**THE RECORDS:**
# # # # # # #
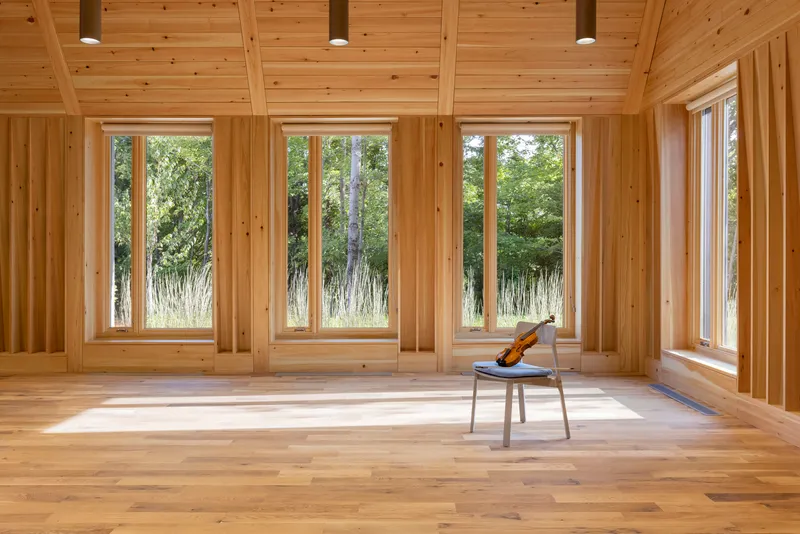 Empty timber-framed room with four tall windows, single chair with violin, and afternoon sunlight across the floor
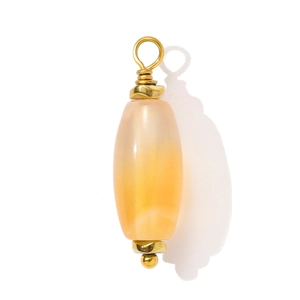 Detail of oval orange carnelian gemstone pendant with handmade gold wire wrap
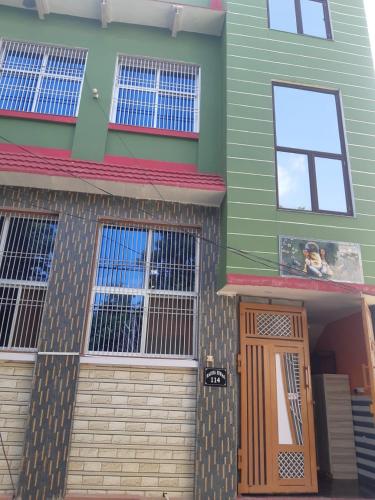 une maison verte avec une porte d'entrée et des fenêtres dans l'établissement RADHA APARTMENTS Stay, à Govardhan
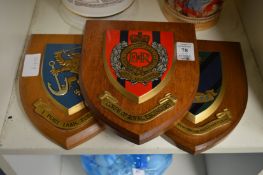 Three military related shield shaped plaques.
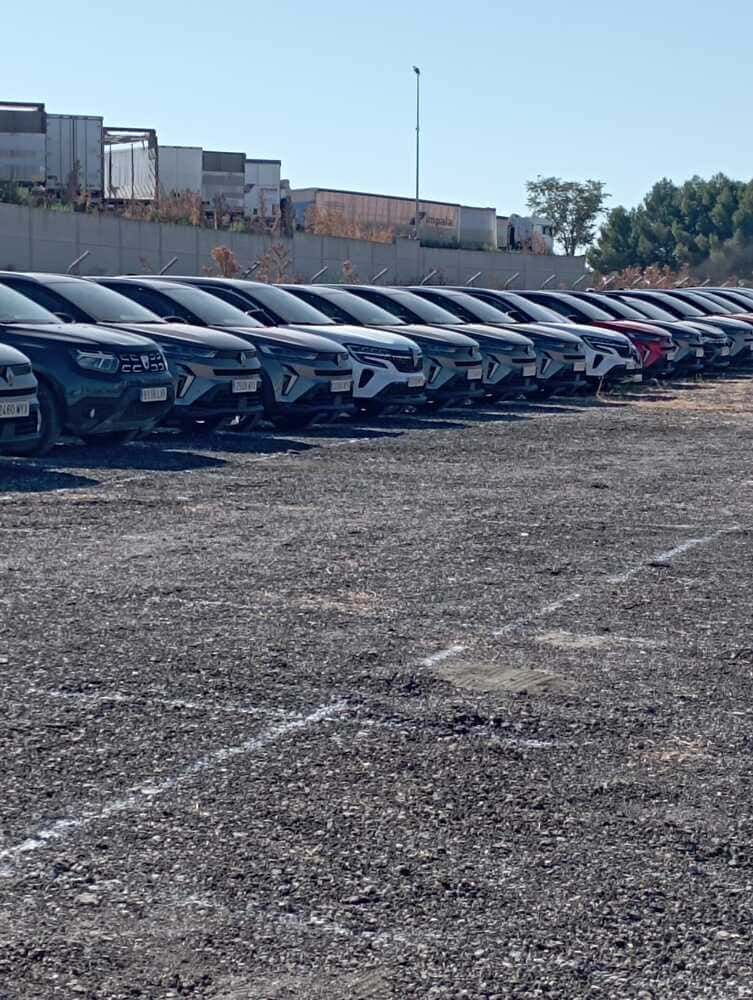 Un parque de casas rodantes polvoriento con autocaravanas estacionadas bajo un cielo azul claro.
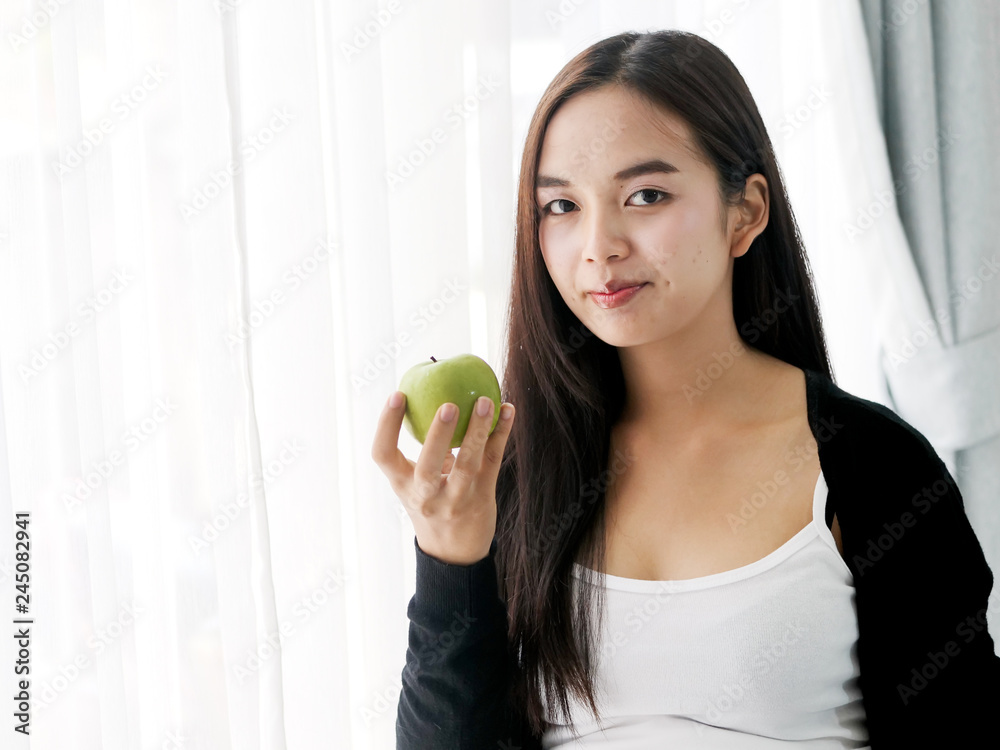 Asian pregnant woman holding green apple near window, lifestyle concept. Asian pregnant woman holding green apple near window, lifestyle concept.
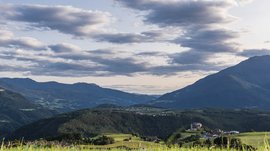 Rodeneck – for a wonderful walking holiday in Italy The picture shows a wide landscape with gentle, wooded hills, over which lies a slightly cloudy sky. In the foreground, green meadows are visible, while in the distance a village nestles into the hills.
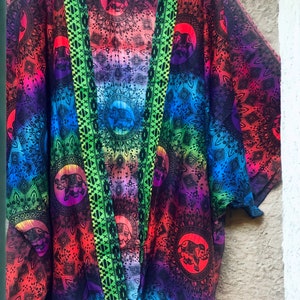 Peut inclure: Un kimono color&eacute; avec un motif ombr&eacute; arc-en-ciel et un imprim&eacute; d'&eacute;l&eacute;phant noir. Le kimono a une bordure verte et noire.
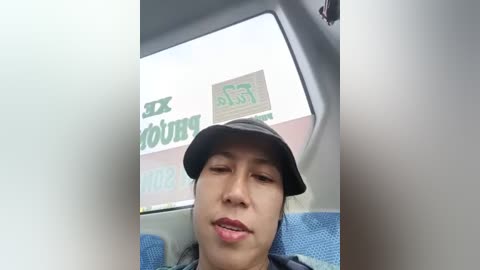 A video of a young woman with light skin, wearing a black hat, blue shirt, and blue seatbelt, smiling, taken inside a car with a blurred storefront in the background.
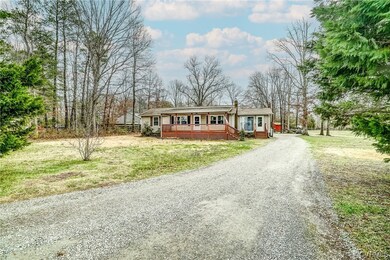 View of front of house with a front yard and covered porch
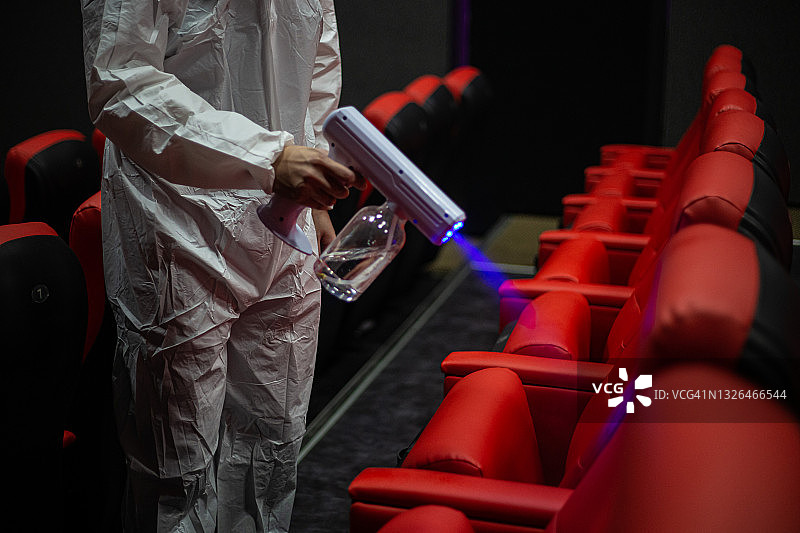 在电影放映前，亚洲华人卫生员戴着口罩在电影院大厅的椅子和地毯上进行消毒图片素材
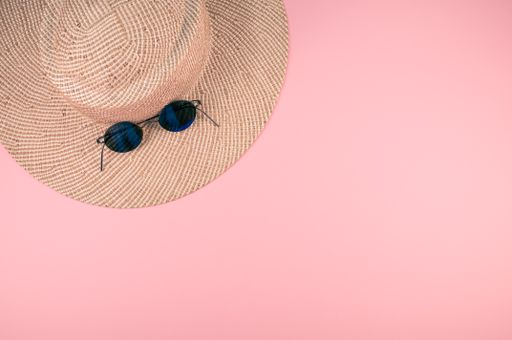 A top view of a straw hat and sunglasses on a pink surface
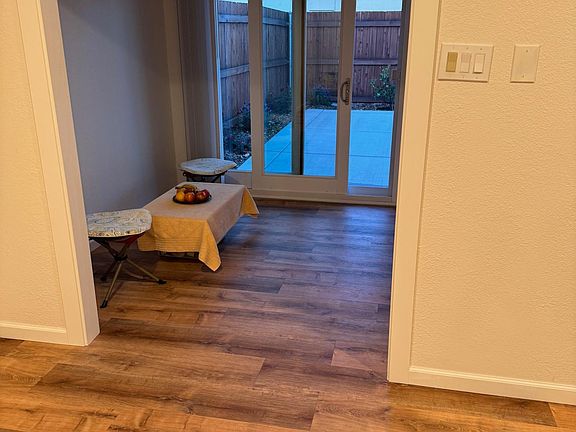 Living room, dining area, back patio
# # # # # # #
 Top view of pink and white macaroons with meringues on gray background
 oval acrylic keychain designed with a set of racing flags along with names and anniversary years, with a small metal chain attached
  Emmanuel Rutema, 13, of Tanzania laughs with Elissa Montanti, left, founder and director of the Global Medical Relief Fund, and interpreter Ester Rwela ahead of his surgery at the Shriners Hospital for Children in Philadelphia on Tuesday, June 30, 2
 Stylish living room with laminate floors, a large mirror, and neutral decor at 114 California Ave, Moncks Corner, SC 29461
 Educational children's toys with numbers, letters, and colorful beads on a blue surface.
# # # # # # #
**REQUIRED ACTION:**
Above are some records; extract exactly the lines from the one containing "Empty timber-framed room" through the one containing "Detail of oval" and drop the pictures.

**EXERCISE OUTPUT:**
 Empty timber-framed room with four tall windows, single chair with violin, and afternoon sunlight across the floor
 Detail of oval orange carnelian gemstone pendant with handmade gold wire wrap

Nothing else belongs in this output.